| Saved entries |
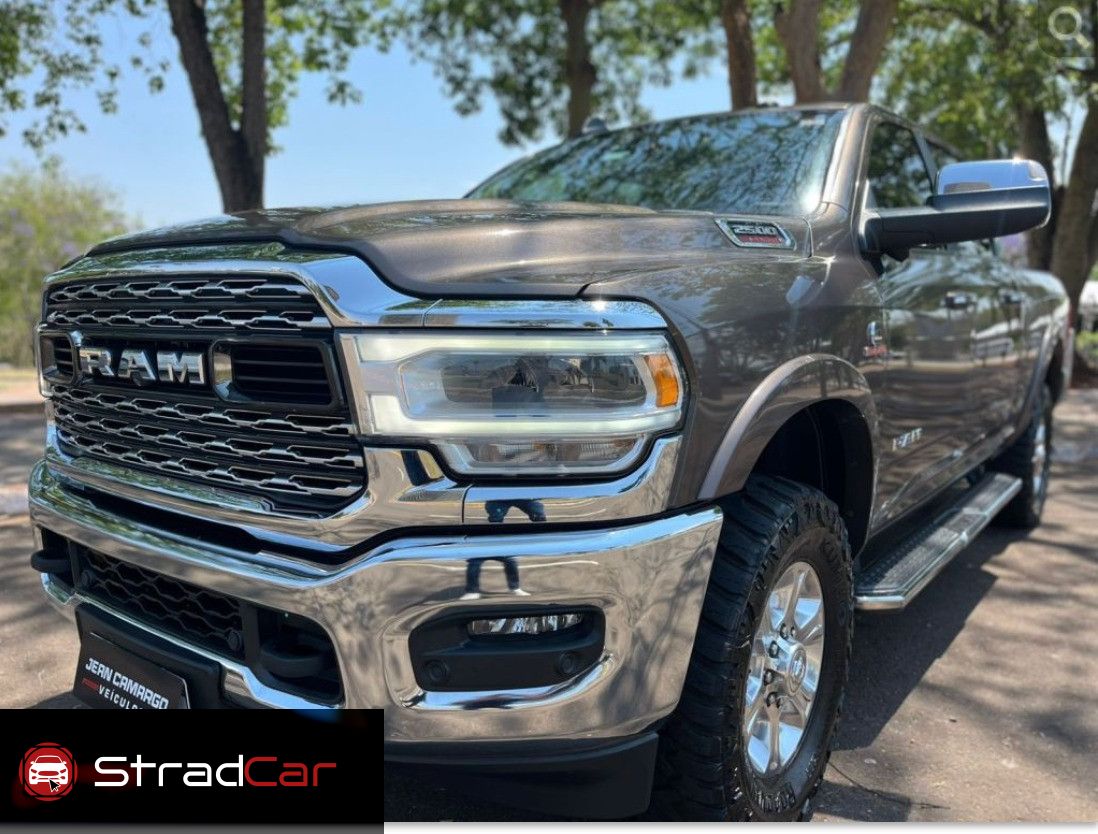 Vista principal de RAM 2500 Laramie 6.7TDi 24v 4X4 C.D. 2021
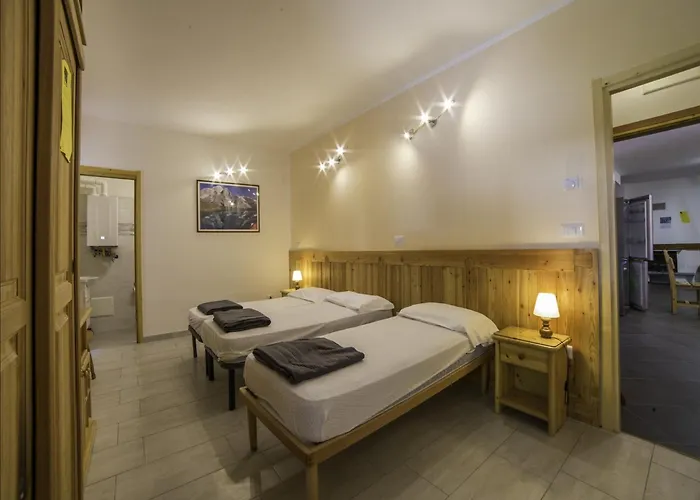 In Near Lift Διαμέρισμα Antey-Saint-André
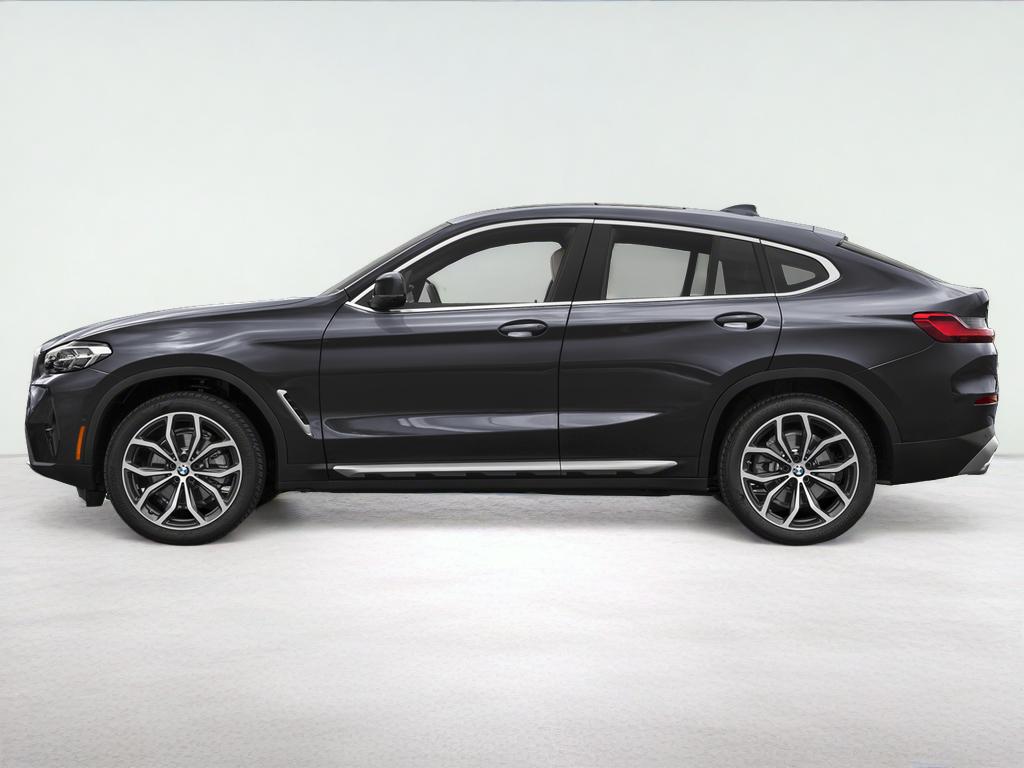 2025 BMW X4 xDrive30i
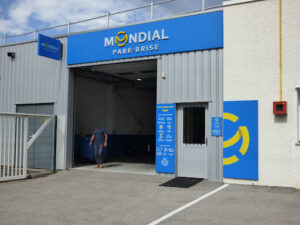 Mondial Pare-Brise à Saint-Martin-d'Hères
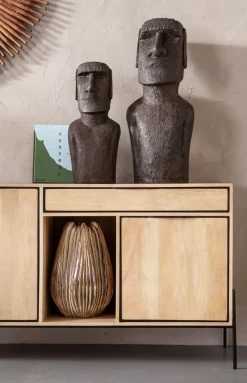 KARE Design Koriste-Esineet*Easter Island Koriste-esine 80cm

| Description of the task |
The required output is each record above, reproduced exactly, without its pictures.

| Output of the exercise |
 Vista principal de RAM 2500 Laramie 6.7TDi 24v 4X4 C.D. 2021
 In Near Lift Διαμέρισμα Antey-Saint-André
 2025 BMW X4 xDrive30i
 Mondial Pare-Brise à Saint-Martin-d'Hères
 KARE Design Koriste-Esineet*Easter Island Koriste-esine 80cm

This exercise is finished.